REBEL WITH A CAUSE by
Georgina Fraser
Member of the Care Leavers
Of Australia Network
Abstract
I am an old state ward of N.S.W. I will be speaking on Social Justice and Equal Rights. I am a voice for older State
Wards who are still too traumatised to talk.
I stand
to talk to be their voice and mine.
I am a
battered ward of the state, a street kid who was verbally, physically and mentally abused. I had no rights, no education,
and worked as a domestic. I am here to be heard. I am a member of CLAN (care leavers of Australia)
REBEL
WITH A CAUSE
My
name is Georgina Fraser. I am an older State Ward of New South Wales. As a member
of CLAN, (Care Leavers of Australia), I will be speaking on Social Justice and Equal Rights. I am a voice for older state
wards who are still too traumatised to talk. Tonight I am their voice and mine,
and I am here to be heard.
As
a ward of the state I had no childhood. My early years were spent on the
streets or in and out of foster homes where I was verbally, physically and mentally abused.
I had NO RIGHTS and little education.
From
the age of three to eighteen I was a ward of the state. Australia prides itself on providing
equal rights for everyone, but there were no rights at all for the Wards of the State.

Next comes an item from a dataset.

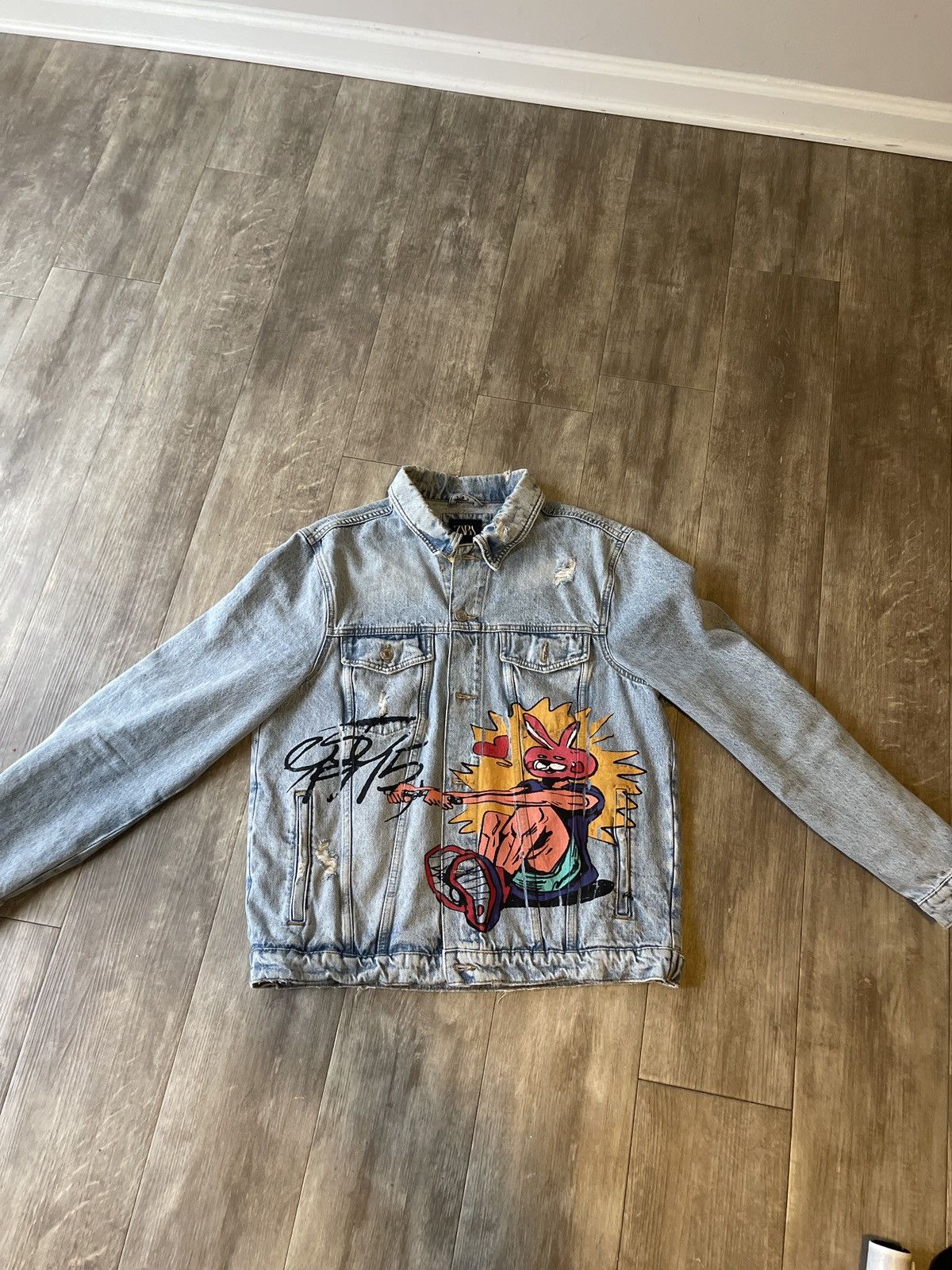 Zara Graphic denim jacket Size US L / EU 52-54 / 3 - 1 Thumbnail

I was deprived of those things which many of us take for granted. I could not go to school like everybody else. How could I feel loved when I did not know who I was, or where I had come from.
When
I was three years old I was placed in Saint Catherine’s Orphanage, where I stayed until I turned twelve. During that time I received one visit from my mother and father.
At the age of twelve I was then placed in Burdera Girls Home in Glebe. While
I was there, I was forced to submit to virginity tests by male doctors. Thankfully
after a series of public protests this hell hole was eventually closed down, so that other young girls would not have to experience
this violation of their rights and bodies.
After
an endless succession of Foster homes I was then placed into domestic service at a home in Vaucluse from the age of fourteen
to eighteen. While I scrubbed their floors and cooked their meals I remember
watching their own children going off to school. Even then I felt this desperate
longing to be able to Learn. Instead of parties and pretty clothes I spent my
teenaged years living in one of my three blue uniforms. For six days a week I
worked from 7am to 7pm. My room was the place beneath the stairs which was only big enough for
a bed.
I
have been asked to tell you how this has affected me. Like many of us older Wards
of the State, we now find ourselves in a position where many of us have adult literacy problems, some of us cannot spell or
even add up. I did not know what it was like to celebrate a birthday with a cake
or a party. I had no family at my wedding, no family present at the birth of
my beautiful daughter. There was no family Christmas, no Mother’s day,
no Father’s Day.
You
hear my words but you cannot feel my pain.
We
speak of Morals, Principles and Ethics, but where were theirs, the government of that day, the Church Groups and Welfare groups,
that could allow the children to be treated this way. You are listening to a
woman who still has great anger towards the system which allowed this to happen.
In
this country we define Social Justice as Equal Rights and Education for all Australians, regardless of gender, race, religion
or disability, but where are the Rights of these forgotten children.
We
were Small and they were Big, but I know what wrong is and I know what Right is. We
need good politicians, judges and doctors, to come up through the ranks, we need strong men and women to stand up and speak
out so that these crimes against children can never happen again.
Although
I have been to hell and back, I can at least say that I like the person I have become.
I now work with special needs children, and have worked in hospices for the dying and the aged, but I am one of the
lucky ones. There are still so many of us older Wards of the State who are still
battling with the trauma of their past. Like me, they still experience the despair
of loss and grief.
They
still feel disconnected as the result of having no roots, no sense of family nurturing and love. We need to give birth to new policies which will bring compassion and healing, for otherwise there is no
justice. As a survivor I will not allow us to be silenced any longer.